United States of America
The Public Tender Offer referred to in this press release (the "Offer") is not being made directly or indirectly in or by use of the mail of, or by any means or instrumentality of interstate or foreign commerce of, or any facilities of a national securities exchange of, the United States of America and may only be accepted outside the United States of America. This includes, but is not limited to, facsimile transmission, telex or telephones. The offer prospectus and any other offering materials with respect to the Offer may not be distributed in nor sent to the United States of America and may not be used for the purpose of soliciting the sale or purchase of any securities of Pax Anlage AG, from anyone in the United States of America. Basler Leben AG (the "Offeror") is not soliciting the tender of securities of Pax Anlage AG by any holder of such securities in the United States of America.

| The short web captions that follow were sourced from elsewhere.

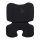 Avova Sitzverkleinerer Kleinkind Insert - Sperber-Fix / Swan-Fix Pearl Black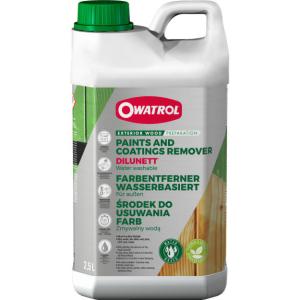 DILUNETT Żel do usuwania starych powłok 2,5L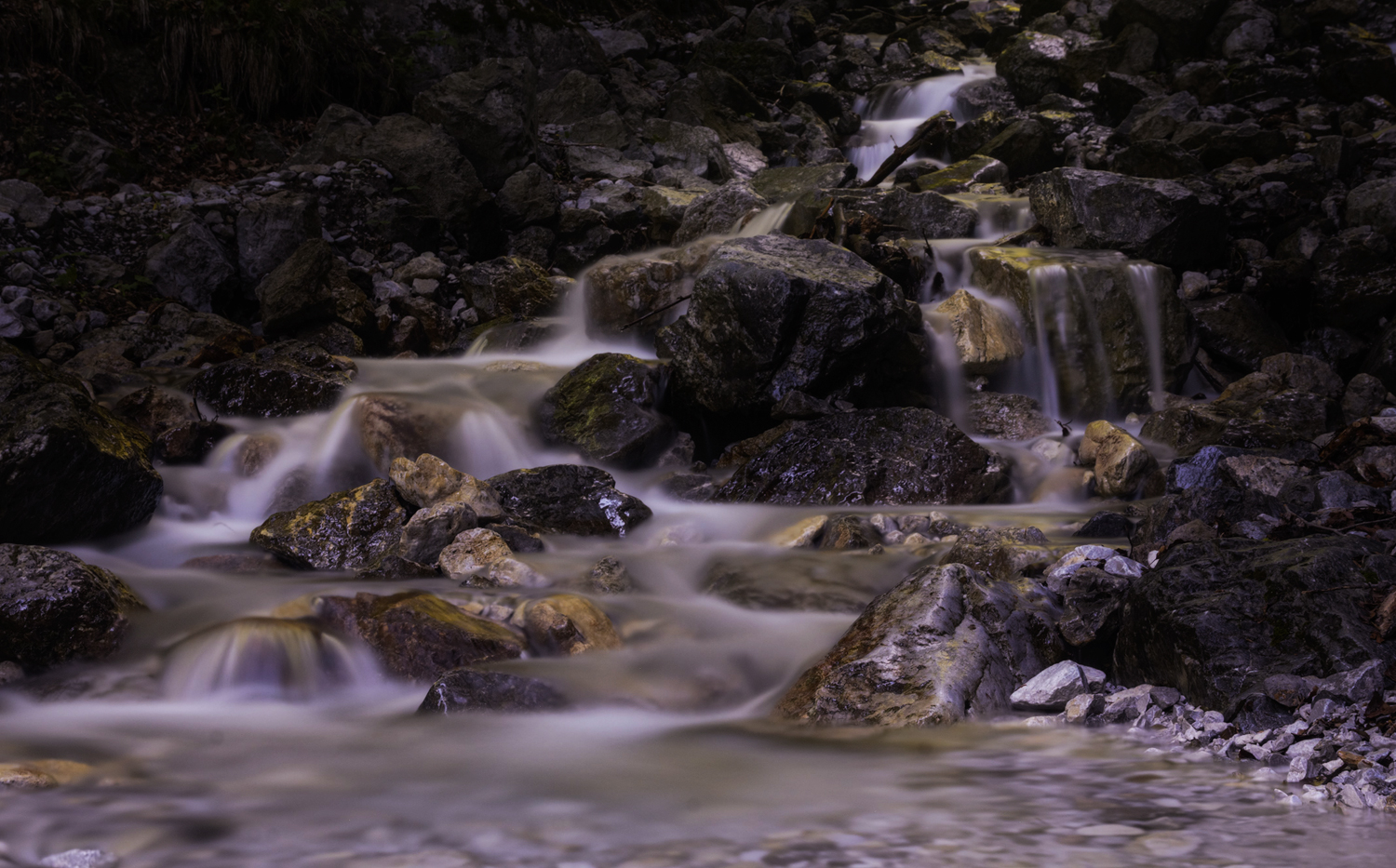 "Lebenselixier" Wasser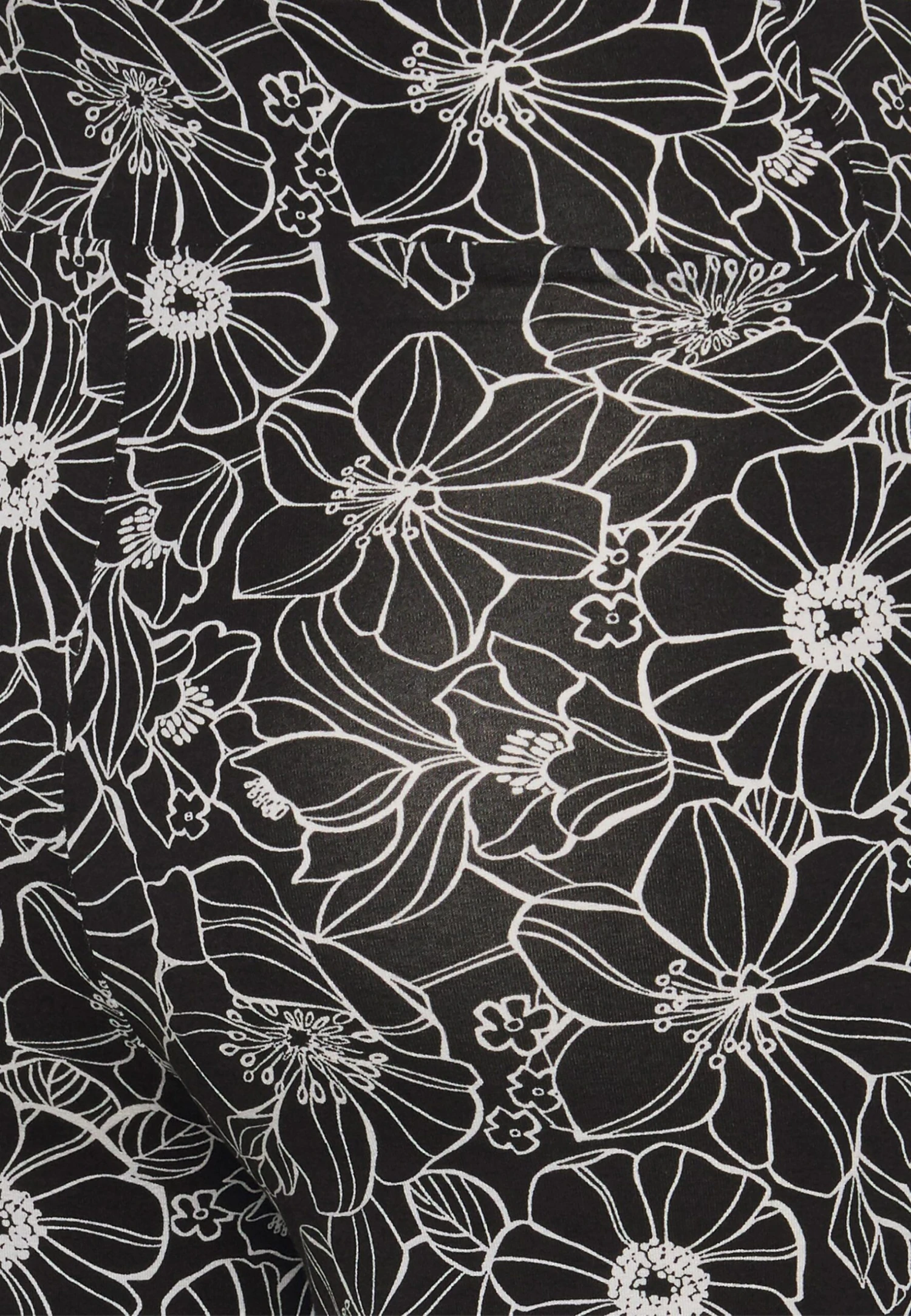 Trousers - Black/White 5 Trousers - Black/White - Image 3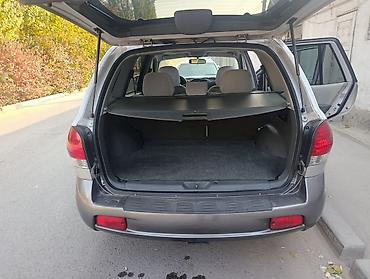 santa fe: Hyundai Santa Fe: 2005 г., 2 л, Автомат, Дизель, Кроссовер — 6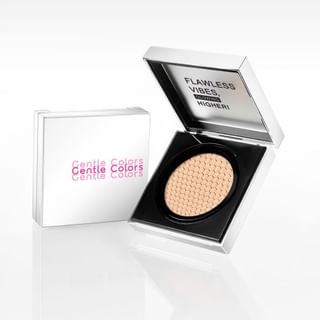 Gentle Colors Women's - Ai Cushion Glow Spf50+ Pa++++ 01 Ivory
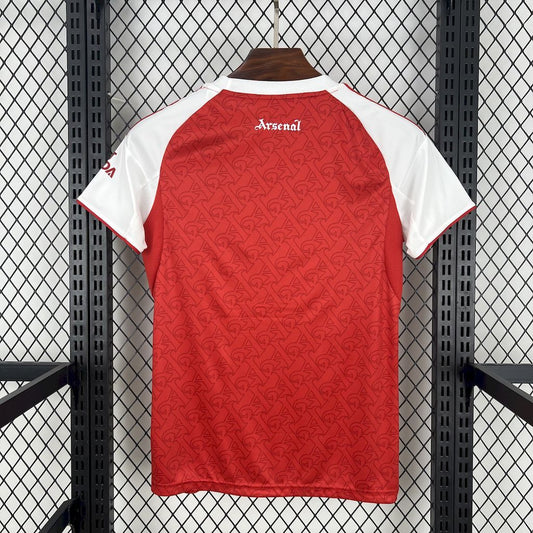 2025/2026 Arsenal Donna Home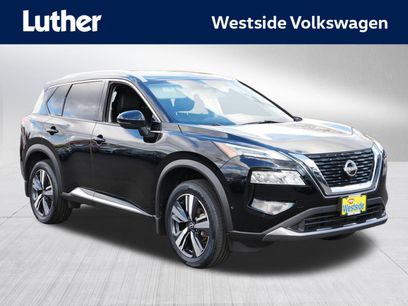Used 2023 Nissan Rogue SL w/ SL Premium Package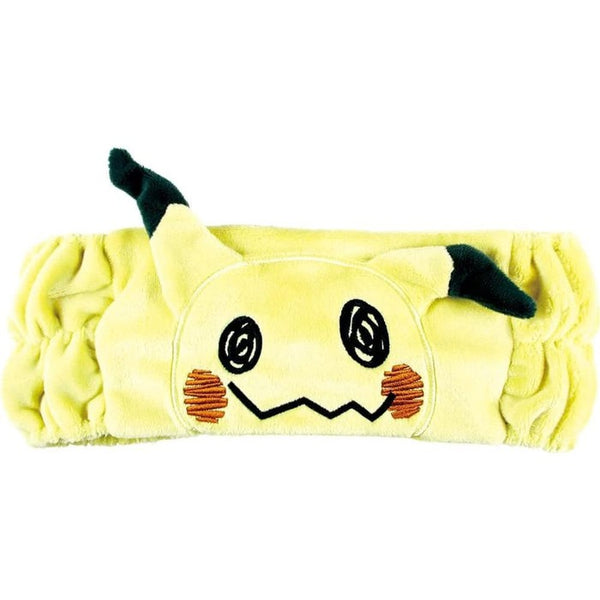 POKEMON MIMIKYU makeup and face wash headband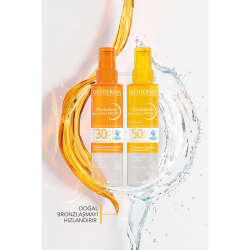 Bioderma Photoderm Bronz Sun Protective Water SPF30 200 ml - 5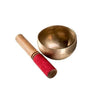Nada Yoga Singing Bowl 11-12cm – Tibetan Meditation Sound Healing Bowl with Striker -
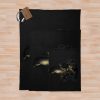 Darkest Dungeon Throw Blanket Official Darkest Dungeon Merch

Securities of Pax Anlage AG will not be accepted from holders of such securities in the United States of America. Any purported acceptance of the Offer that Offeror or its agents believe has been made in or from the United States of America will be invalidated. Offeror reserves the absolute right to reject any and all acceptances determined by it not to be in the proper form or the acceptance of which may be unlawful. A person tendering securities into this Public Tender Offer will be deemed to represented that such person (a) is not a U.S. person, (b) is not acting for the account or benefit of any U.S. person, and (c) us not in or delivering the acceptance from, the United States.
The offer documents in connection with the Offer are not for distribution to persons whose place of residence, seat or usual place of residence is in the United Kingdom. This does not apply to persons who (i) have professional experience in matters relating to investments falling within article 19(5) of the Financial Services and Markets Act 2000 (Financial Promotion) Order 2005 (the "Order"), (ii) are persons falling within article 49(2)(a) to (d) («high net worth companies, unincorporated associations, etc.») of the Order or (iii) to whom it may otherwise lawfully be communicated (all such persons together being referred to as "Relevant Persons"). The offer documents in connection with the Offer must not be acted on or relied on by persons who are not Relevant Persons. In the United Kingdom any investment or investment activity to which the offer documents relate is available only to Relevant Persons and will be engaged in only with Relevant Persons.
Australia, Canada and Japan
The Offer referred to in this press release is not addressed to shareholders of Pax Anlage AG whose place of residence, seat or habitual abode is in Australia, Canada or Japan, and such shareholders may not accept the Offer.